Nothing but the lines from the first line of the entries through the line with "Seiko Selection SBPY165" should appear in the answer, transcribed exactly and free of pictures.

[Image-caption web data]
[Start of section]
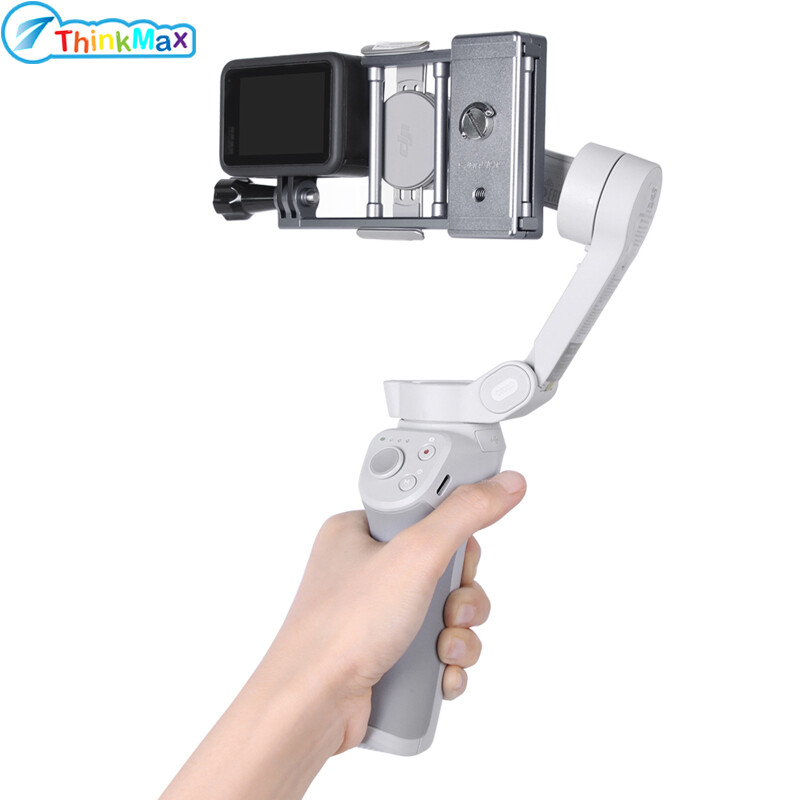 Gimbal Adapter Stabilizer Compatible For Action 3/osmo Mobile 6/om 5/om 4/se/osmo Mobile 3 Gopro11/10/9/8 Action Camera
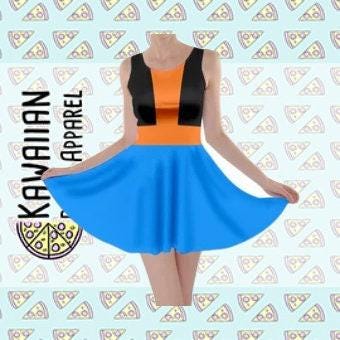 Goofy Inspired Skater Dress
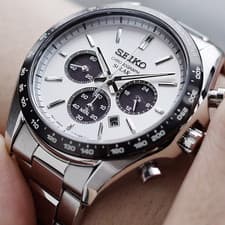 Seiko Selection SBPY165 Men's Solar Chronograph Limited Edition Watch High Quali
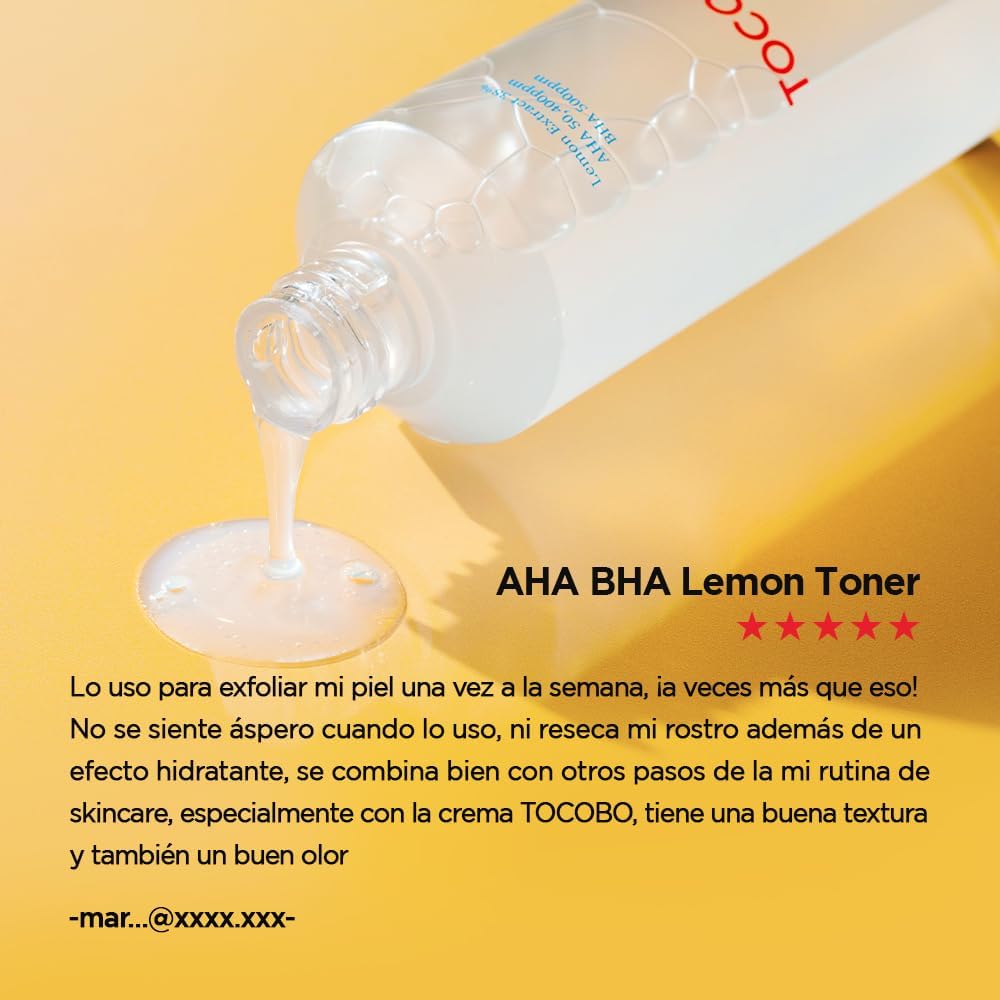 TOCOBO AHA BHA Lemon TonerTonerGlam Secret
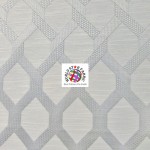 Lattice Drapery Upholstery Fabric Silver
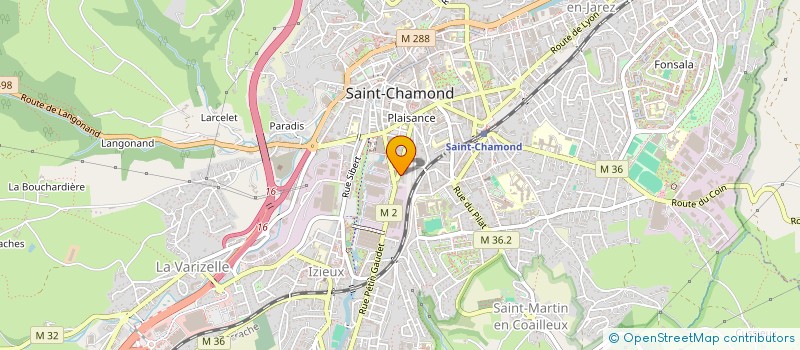 localisation de l'entreprise MONSIEUR BOUMEDIENE BENNACEUR à SAINT-CHAMOND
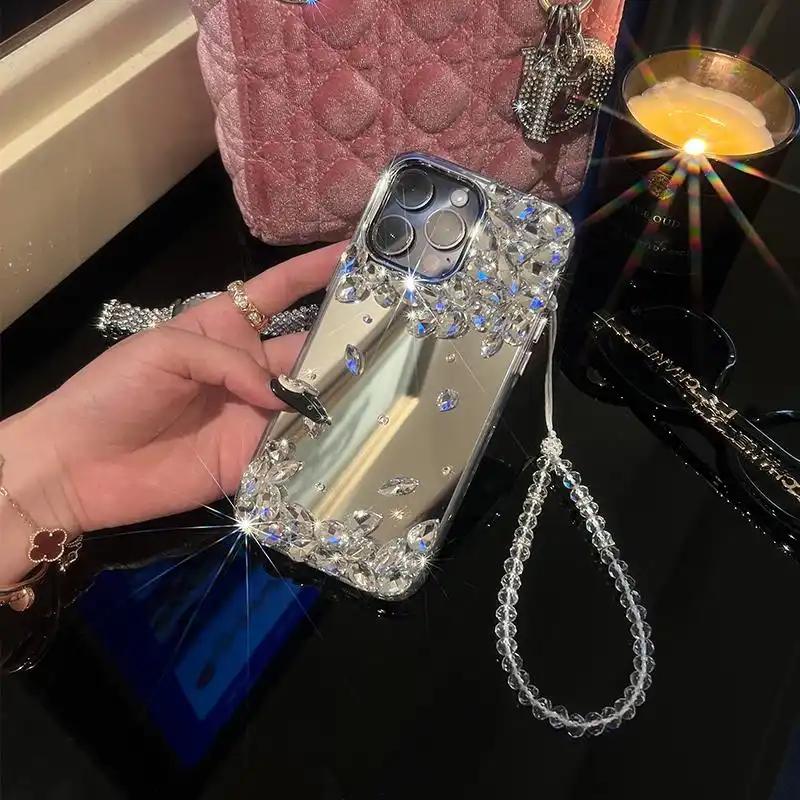 Rhine Stone (#RS-047)Gem Glow Elite Case with Charm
[End of section]
[Completed exercise]
 Gimbal Adapter Stabilizer Compatible For Action 3/osmo Mobile 6/om 5/om 4/se/osmo Mobile 3 Gopro11/10/9/8 Action Camera
 Goofy Inspired Skater Dress
 Seiko Selection SBPY165 Men's Solar Chronograph Limited Edition Watch High Quali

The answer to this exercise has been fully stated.